### ABOUT THIS EXERCISE
The entries below must be retyped in full. Keep every word the same.
○ ○ ○ ○ ○ ○ ○
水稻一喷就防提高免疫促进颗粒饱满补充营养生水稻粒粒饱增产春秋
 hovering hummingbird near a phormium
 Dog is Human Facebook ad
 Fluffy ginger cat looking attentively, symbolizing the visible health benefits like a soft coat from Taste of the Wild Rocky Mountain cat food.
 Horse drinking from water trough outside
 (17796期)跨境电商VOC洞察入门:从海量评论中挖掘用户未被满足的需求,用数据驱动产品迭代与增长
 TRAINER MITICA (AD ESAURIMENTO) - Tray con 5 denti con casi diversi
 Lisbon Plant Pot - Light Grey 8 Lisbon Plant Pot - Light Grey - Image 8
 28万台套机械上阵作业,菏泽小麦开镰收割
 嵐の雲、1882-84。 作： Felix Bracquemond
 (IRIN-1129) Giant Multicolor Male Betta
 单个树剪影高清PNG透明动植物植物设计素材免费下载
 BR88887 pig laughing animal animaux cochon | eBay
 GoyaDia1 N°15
○ ○ ○ ○ ○ ○ ○
### REPLY TO THE TASK
水稻一喷就防提高免疫促进颗粒饱满补充营养生水稻粒粒饱增产春秋
 hovering hummingbird near a phormium
 Dog is Human Facebook ad
 Fluffy ginger cat looking attentively, symbolizing the visible health benefits like a soft coat from Taste of the Wild Rocky Mountain cat food.
 Horse drinking from water trough outside
 (17796期)跨境电商VOC洞察入门:从海量评论中挖掘用户未被满足的需求,用数据驱动产品迭代与增长
 TRAINER MITICA (AD ESAURIMENTO) - Tray con 5 denti con casi diversi
 Lisbon Plant Pot - Light Grey 8 Lisbon Plant Pot - Light Grey - Image 8
 28万台套机械上阵作业,菏泽小麦开镰收割
 嵐の雲、1882-84。 作： Felix Bracquemond
 (IRIN-1129) Giant Multicolor Male Betta
 单个树剪影高清PNG透明动植物植物设计素材免费下载
 BR88887 pig laughing animal animaux cochon | eBay
 GoyaDia1 N°15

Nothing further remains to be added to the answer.